Nouvelle étape pour l’Observatoire des litiges judiciaires (OLJ). Expérimentée depuis 2023 dans les cours d’appel de Versailles, Rennes et Nancy, puis étendue à Paris, Lyon et Poitiers en 2025, la structure établie entre la Cour de cassation et les cours d’appel est désormais déployée au niveau national, dans toutes les cours d’appel du pays. Ce déploiement a été acté lors d’une réunion rassemblant l’ensemble des référents OLJ des cours d’appel, le 6 février dernier.
Initié dans le rapport « Cour de cassation 2030 », l’Observatoire des litiges judiciaires vise à garantir une égalité de traitement entre les justiciables, par la détection de l’émergence de nouveaux types de contentieux ou de divergences d’interprétation entre les différentes cours d’appel, grâce à un mécanisme de remontée d’informations.

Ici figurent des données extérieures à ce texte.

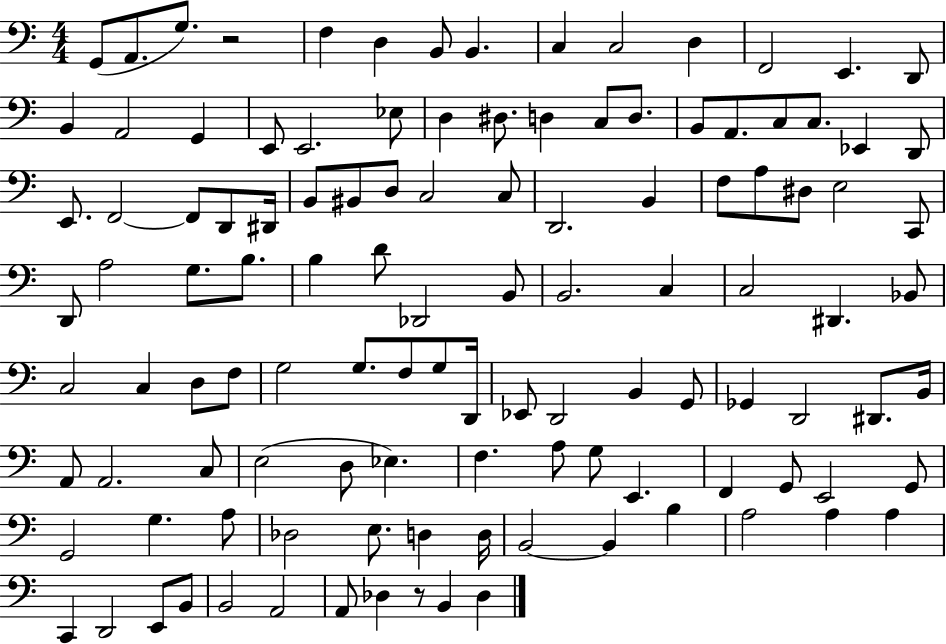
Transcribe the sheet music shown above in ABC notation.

X:1
T:Untitled
M:4/4
L:1/4
K:C
G,,/2 A,,/2 G,/2 z2 F, D, B,,/2 B,, C, C,2 D, F,,2 E,, D,,/2 B,, A,,2 G,, E,,/2 E,,2 _E,/2 D, ^D,/2 D, C,/2 D,/2 B,,/2 A,,/2 C,/2 C,/2 _E,, D,,/2 E,,/2 F,,2 F,,/2 D,,/2 ^D,,/4 B,,/2 ^B,,/2 D,/2 C,2 C,/2 D,,2 B,, F,/2 A,/2 ^D,/2 E,2 C,,/2 D,,/2 A,2 G,/2 B,/2 B, D/2 _D,,2 B,,/2 B,,2 C, C,2 ^D,, _B,,/2 C,2 C, D,/2 F,/2 G,2 G,/2 F,/2 G,/2 D,,/4 _E,,/2 D,,2 B,, G,,/2 _G,, D,,2 ^D,,/2 B,,/4 A,,/2 A,,2 C,/2 E,2 D,/2 _E, F, A,/2 G,/2 E,, F,, G,,/2 E,,2 G,,/2 G,,2 G, A,/2 _D,2 E,/2 D, D,/4 B,,2 B,, B, A,2 A, A, C,, D,,2 E,,/2 B,,/2 B,,2 A,,2 A,,/2 _D, z/2 B,, _D,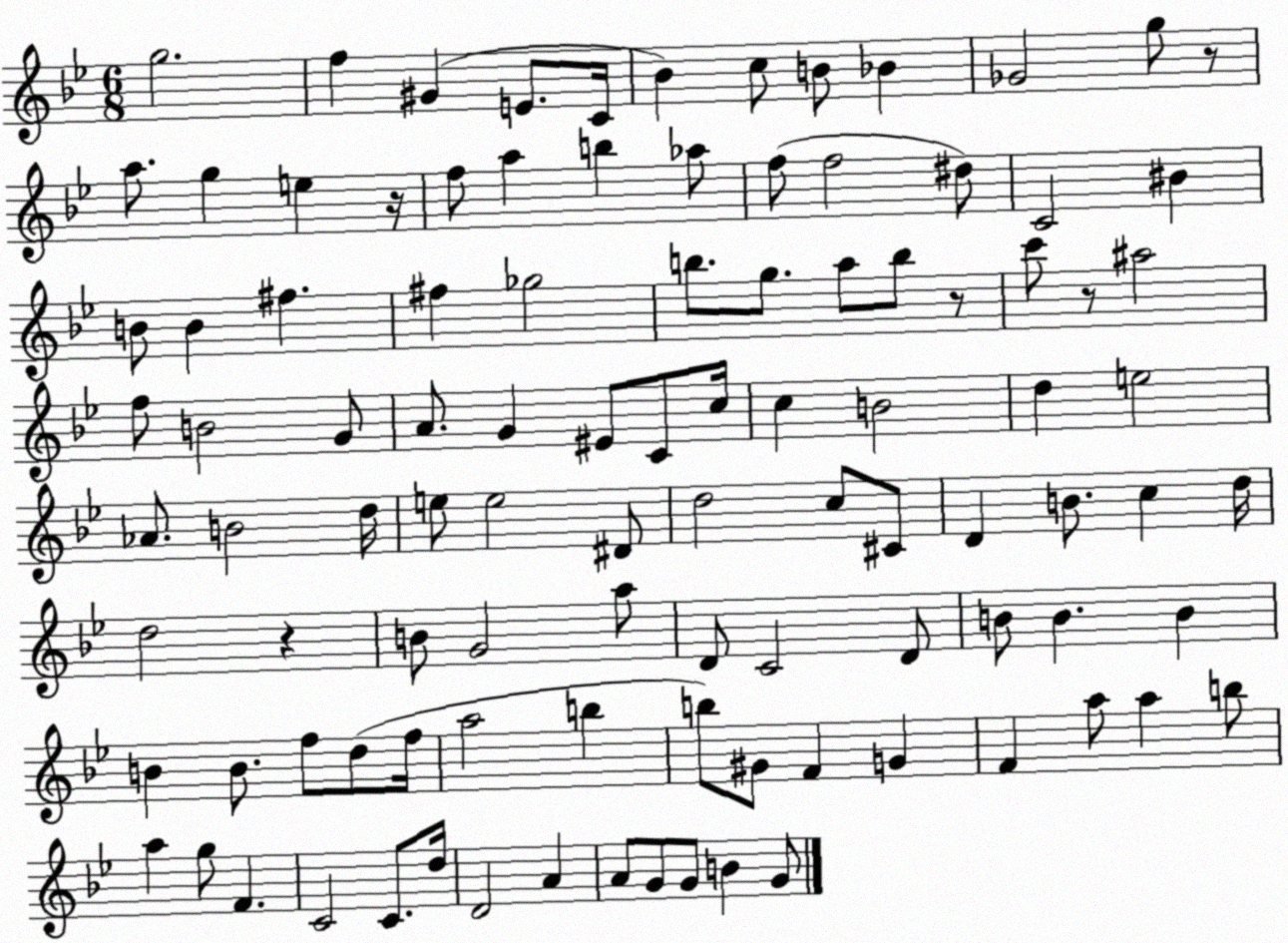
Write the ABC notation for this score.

X:1
T:Untitled
M:6/8
L:1/4
K:Bb
g2 f ^G E/2 C/4 _B c/2 B/2 _B _G2 g/2 z/2 a/2 g e z/4 f/2 a b _a/2 f/2 f2 ^d/2 C2 ^B B/2 B ^f ^f _g2 b/2 g/2 a/2 b/2 z/2 c'/2 z/2 ^a2 f/2 B2 G/2 A/2 G ^E/2 C/2 c/4 c B2 d e2 _A/2 B2 d/4 e/2 e2 ^D/2 d2 c/2 ^C/2 D B/2 c d/4 d2 z B/2 G2 a/2 D/2 C2 D/2 B/2 B B B B/2 f/2 d/2 f/4 a2 b b/2 ^G/2 F G F a/2 a b/2 a g/2 F C2 C/2 d/4 D2 A A/2 G/2 G/2 B G/2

Le dispositif doit permettre d’assurer l’uniformité d’interprétation du droit sur l’ensemble du territoire. « Il y va du respect de l’égalité de tous devant la loi », assurait le premier président de la Cour de cassation, Christophe Soulard, lors de l’audience solennelle de rentrée de la juridiction, le 9 janvier dernier.
L’Observatoire doit aussi permettre à la plus haute juridiction de l’ordre judiciaire de mieux percevoir les premiers signes des questions juridiques de demain, et ainsi y répondre plus rapidement. La direction opérationnelle de l’OLJ est assurée par Sandrine Zientara, en tant que présidente du service de la documentation, des études et du rapport (SDER).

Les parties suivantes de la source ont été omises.